We had spent our morning indoors at St. Chély, cloaked and shawled over a blazing wood fire, quitting at one o'clock p.m. ice-cold rain, biting winds, and a gloomy sky. By sundown we had reached the chef-lieu of the Aveyron; we were in the South indeed! The scenery during the latter part of the way is beautiful and exhilarating, every feature showing the ripest, most brilliant tints-hills clothed with the yellowing chestnut, soil of deep purplish red, the bright gold foliage of the vine, and between spring-like greenery and azure sky, close to the railway, the crystal-clear Aveyron.
And here all is new and fresh; no familiar tourist element enters into the day's experience.

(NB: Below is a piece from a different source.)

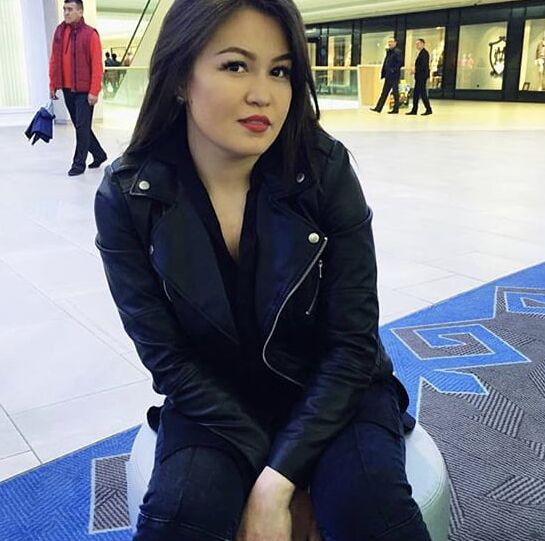 Kz Wife Aidana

As our train stops at one picturesque village after another, we see young soldiers, réservistes, alight, returning home after the twenty-eight days' service, nuns, curés, village folks, family groups, not an English traveller but myself.

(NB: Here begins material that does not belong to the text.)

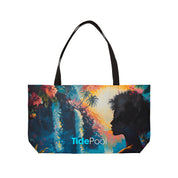 Luxe Tote Bag - Shine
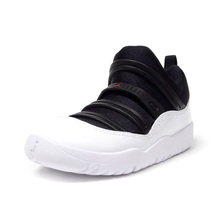 NIKE JORDAN 11 RETRO LITTLE FLEX PS "BRED" BLACK/TRUE RED/WHITE BQ7101-010画像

Rodez is superbly situated on a lofty, sunny plateau, surrounded by hills and far mountain chains; but between these and the city, which is almost encircled by the Aveyron, lies a broad belt of fertile country, the soil of a deep claret colour.
Just as Venice should be approached by sea at dawn, so all travellers should reach Rodez at sunset.
Never shall I forget the first enchanting view of its glorious cathedral that September afternoon, the three-storied tower of Flamboyant Gothic dominating the vast landscape, the rich red stone flushed to a warmer dye, the noble masonry of the whole glowing with the lustre and solidity of copper against the clear heavens.
This lofty, triple-terraced tower is called the marvel of Southern France, and no wonder. The cathedral of Antwerp itself is not more captivatingly lightsome and lovely. High above the ancient city, with its encompassing river and wide-stretched plain, confronting the far-off mountains, almost on a level with their summits, visible from afar as a lighthouse in mid-ocean, rises this belfry of Rodez.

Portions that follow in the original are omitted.